Millinocket Grows

The Great Northern itself encouraged and even assisted with building much of the town, in order to provide housing for its rapidly expanding workforce. In July of 1899, GNP placed an advertisement in the Bangor Whig and Courier, asking for responsible parties to erect one hundred tenement houses, business blocks, and a suitable hotel and boarding house.

Once GNP began producing paper, the steady traffic between the railroad station and the mill, a distance of about a mile, brought about the construction of boarding houses. The early boarding houses were similar to those seen in any mill town, from three to five stories in height, except that they were not placed in rows of identical design, as was the custom.

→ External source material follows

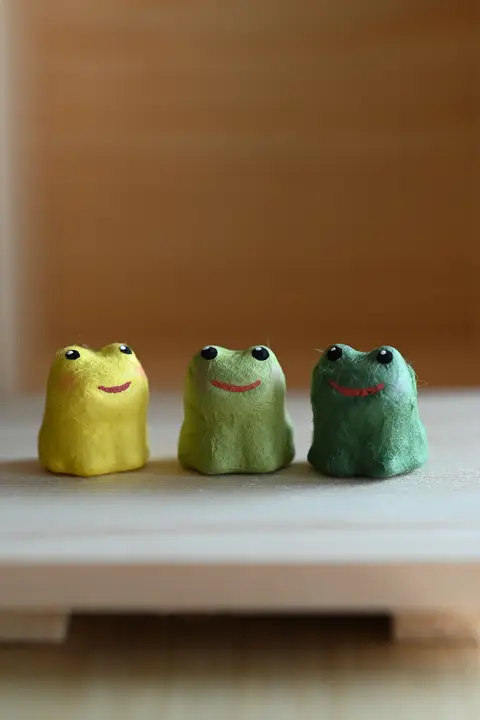 和紙製ミニカエルのインテリア飾り【かわいいデザイン・花瓶・ギフト用】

Construction on the Great Northern Hotel began in 1900. The elegant 52-room structure was completed the following year, and leased to J.P. Randall, its first proprietor.

The mill operated in eight-hour shifts. Since everyone would be walking to work, the locations of the first homes were in part determined by convenience. More areas opened up west of Katahdin Avenue near the mill, and just across the tracks.

Between November 1, 1899, and December 31, 1927, GNP’s president, Garret Schenck, signed over deeds to hundreds of lots owned by the company in Millinocket and East Millinocket.

Most of the houses in Millinocket were built by private parties; but in 1901, GNP contracted with Charles J. Rush to build 22 houses of four different styles, at costs ranging from $1120 to $1850.